[Collection entries]
»»
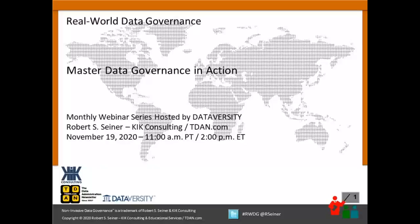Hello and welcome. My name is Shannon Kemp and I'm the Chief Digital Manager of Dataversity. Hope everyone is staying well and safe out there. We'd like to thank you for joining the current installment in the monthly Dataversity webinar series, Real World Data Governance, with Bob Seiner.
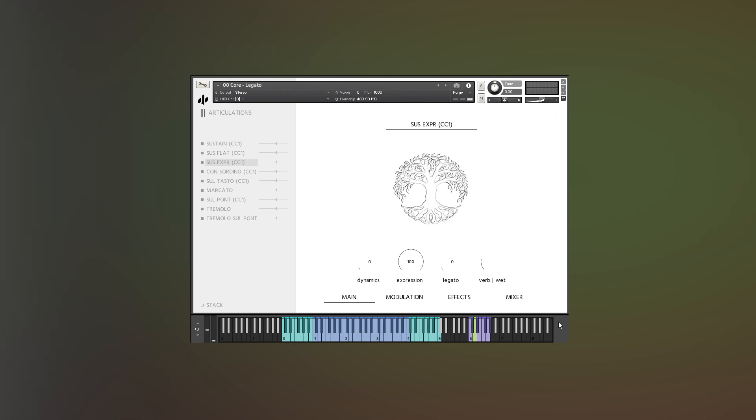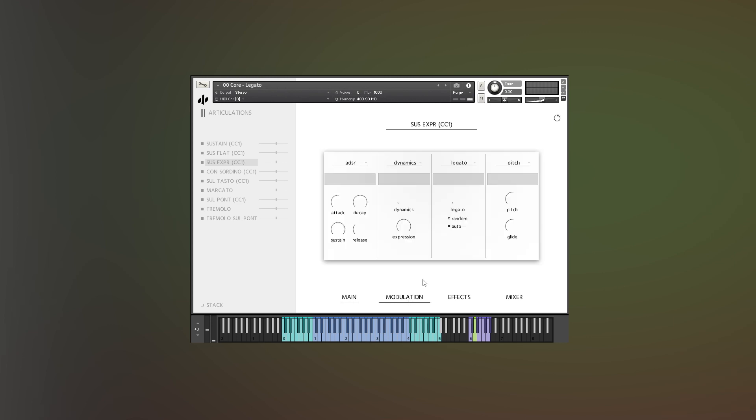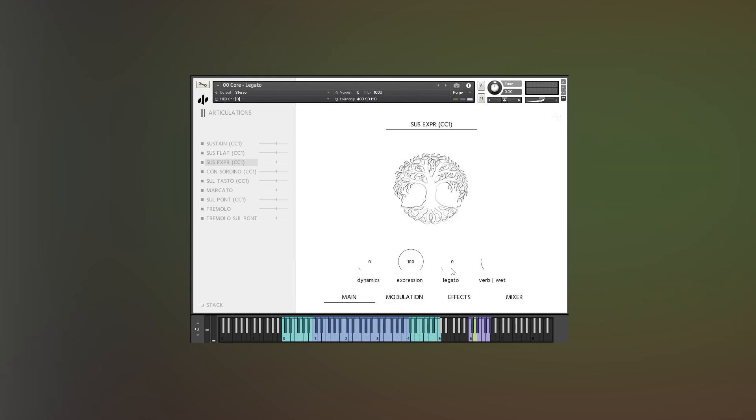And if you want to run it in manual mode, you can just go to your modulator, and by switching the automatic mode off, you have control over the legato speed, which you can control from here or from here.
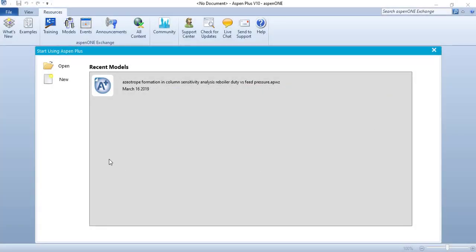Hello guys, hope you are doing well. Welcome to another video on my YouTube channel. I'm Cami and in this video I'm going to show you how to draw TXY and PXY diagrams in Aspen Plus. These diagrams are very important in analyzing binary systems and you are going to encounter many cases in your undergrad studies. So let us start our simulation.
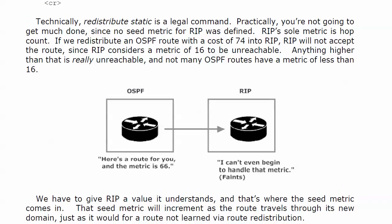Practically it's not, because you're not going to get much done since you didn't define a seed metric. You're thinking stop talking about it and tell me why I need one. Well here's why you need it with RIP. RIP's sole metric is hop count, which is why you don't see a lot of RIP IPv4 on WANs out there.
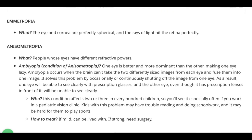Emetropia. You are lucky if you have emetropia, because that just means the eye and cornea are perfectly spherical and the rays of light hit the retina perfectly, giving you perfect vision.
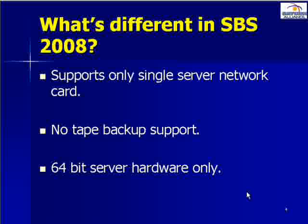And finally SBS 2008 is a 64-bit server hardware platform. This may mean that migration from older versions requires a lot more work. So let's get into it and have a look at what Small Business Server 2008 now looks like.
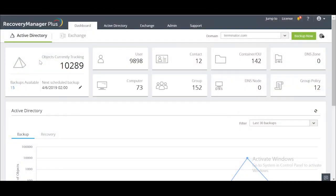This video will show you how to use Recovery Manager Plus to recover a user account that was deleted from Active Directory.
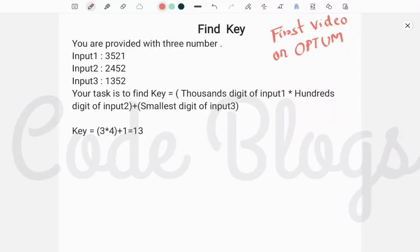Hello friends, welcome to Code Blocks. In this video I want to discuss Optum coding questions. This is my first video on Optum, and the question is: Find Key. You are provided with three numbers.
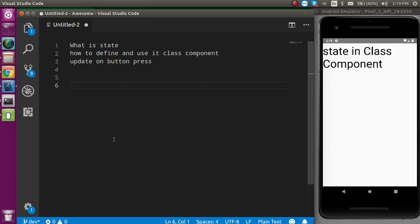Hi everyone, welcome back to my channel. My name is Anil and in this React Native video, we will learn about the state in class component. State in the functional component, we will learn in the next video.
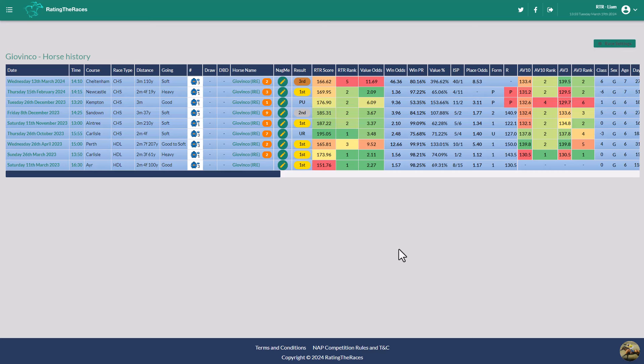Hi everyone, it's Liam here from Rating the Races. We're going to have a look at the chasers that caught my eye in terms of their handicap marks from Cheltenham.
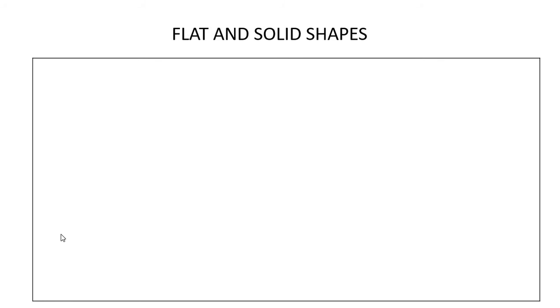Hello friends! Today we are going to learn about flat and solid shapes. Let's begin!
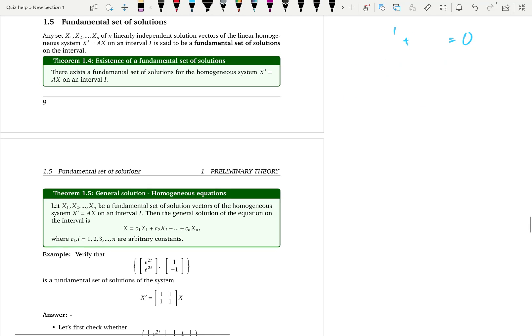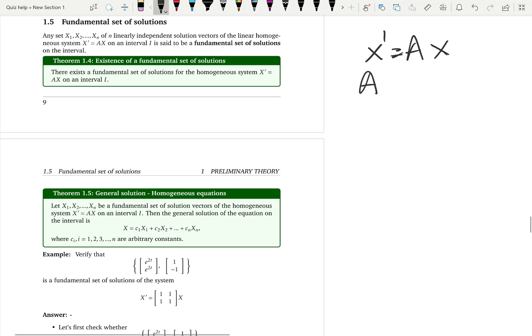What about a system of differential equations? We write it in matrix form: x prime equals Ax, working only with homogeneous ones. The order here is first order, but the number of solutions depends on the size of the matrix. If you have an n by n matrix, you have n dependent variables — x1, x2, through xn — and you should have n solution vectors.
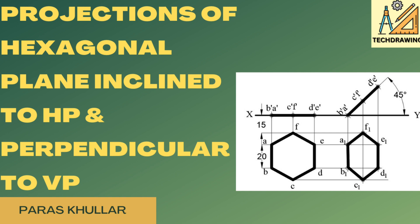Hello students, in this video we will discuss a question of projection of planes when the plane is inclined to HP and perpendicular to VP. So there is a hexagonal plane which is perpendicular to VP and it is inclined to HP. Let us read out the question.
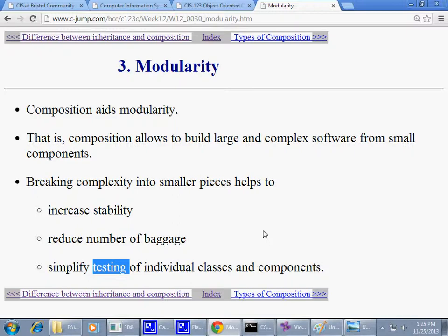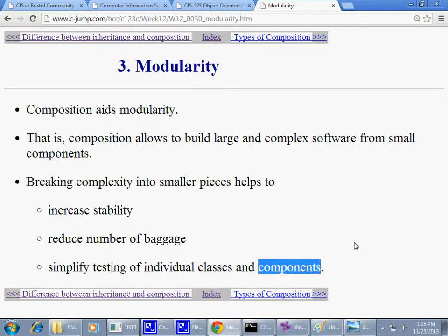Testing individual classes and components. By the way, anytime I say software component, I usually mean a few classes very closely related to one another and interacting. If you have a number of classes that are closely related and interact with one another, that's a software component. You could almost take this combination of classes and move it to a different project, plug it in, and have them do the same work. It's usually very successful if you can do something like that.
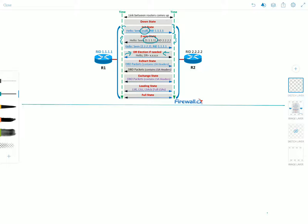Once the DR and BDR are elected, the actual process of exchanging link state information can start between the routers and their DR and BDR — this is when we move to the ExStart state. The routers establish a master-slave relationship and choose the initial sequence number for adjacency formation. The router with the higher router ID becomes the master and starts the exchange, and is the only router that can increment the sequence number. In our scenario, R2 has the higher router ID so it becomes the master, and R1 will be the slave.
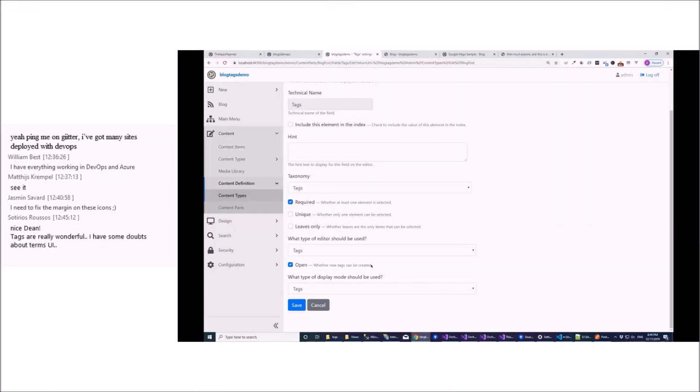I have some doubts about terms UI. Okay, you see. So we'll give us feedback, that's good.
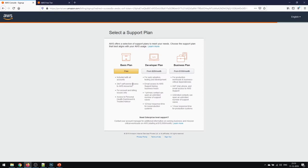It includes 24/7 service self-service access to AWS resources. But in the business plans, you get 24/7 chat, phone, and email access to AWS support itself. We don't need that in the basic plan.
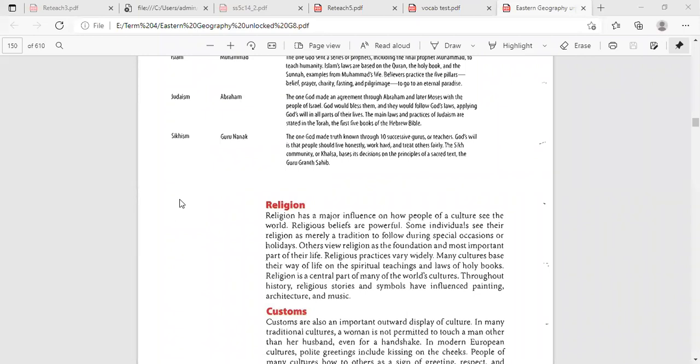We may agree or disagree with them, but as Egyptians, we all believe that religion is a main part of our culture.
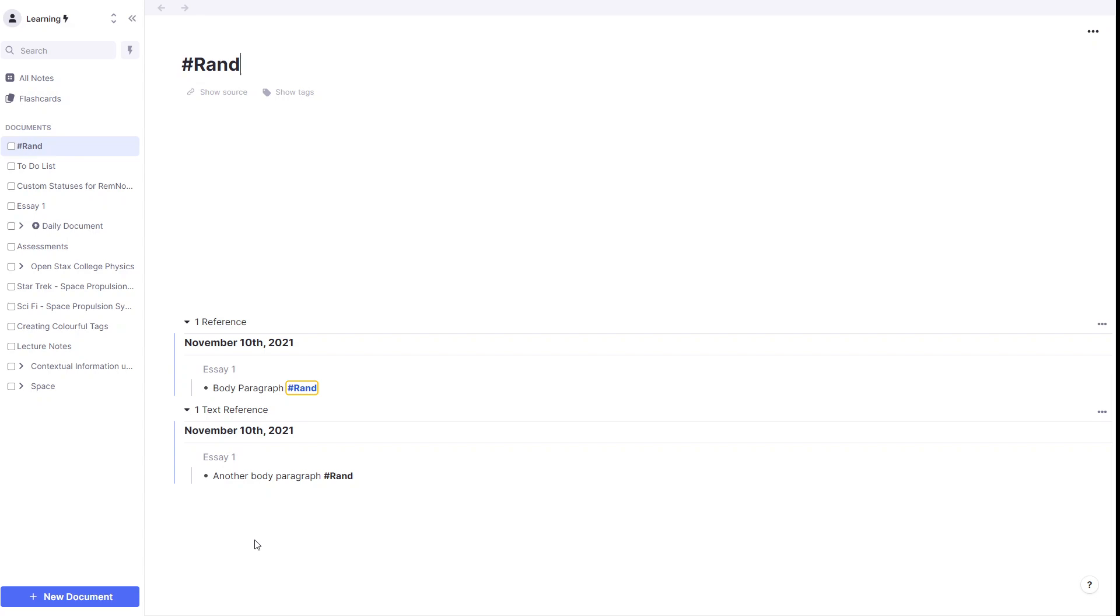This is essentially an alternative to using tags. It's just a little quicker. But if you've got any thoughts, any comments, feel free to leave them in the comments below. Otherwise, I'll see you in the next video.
««
Only an exact copy of the lines from the top of the entries through the line with "Hello guys, hope", both included, should be given, with all pictures omitted.

◆ **Answer to the exercise**:
Hello and welcome. My name is Shannon Kemp and I'm the Chief Digital Manager of Dataversity. Hope everyone is staying well and safe out there. We'd like to thank you for joining the current installment in the monthly Dataversity webinar series, Real World Data Governance, with Bob Seiner.
And if you want to run it in manual mode, you can just go to your modulator, and by switching the automatic mode off, you have control over the legato speed, which you can control from here or from here.
Hello guys, hope you are doing well. Welcome to another video on my YouTube channel. I'm Cami and in this video I'm going to show you how to draw TXY and PXY diagrams in Aspen Plus. These diagrams are very important in analyzing binary systems and you are going to encounter many cases in your undergrad studies. So let us start our simulation.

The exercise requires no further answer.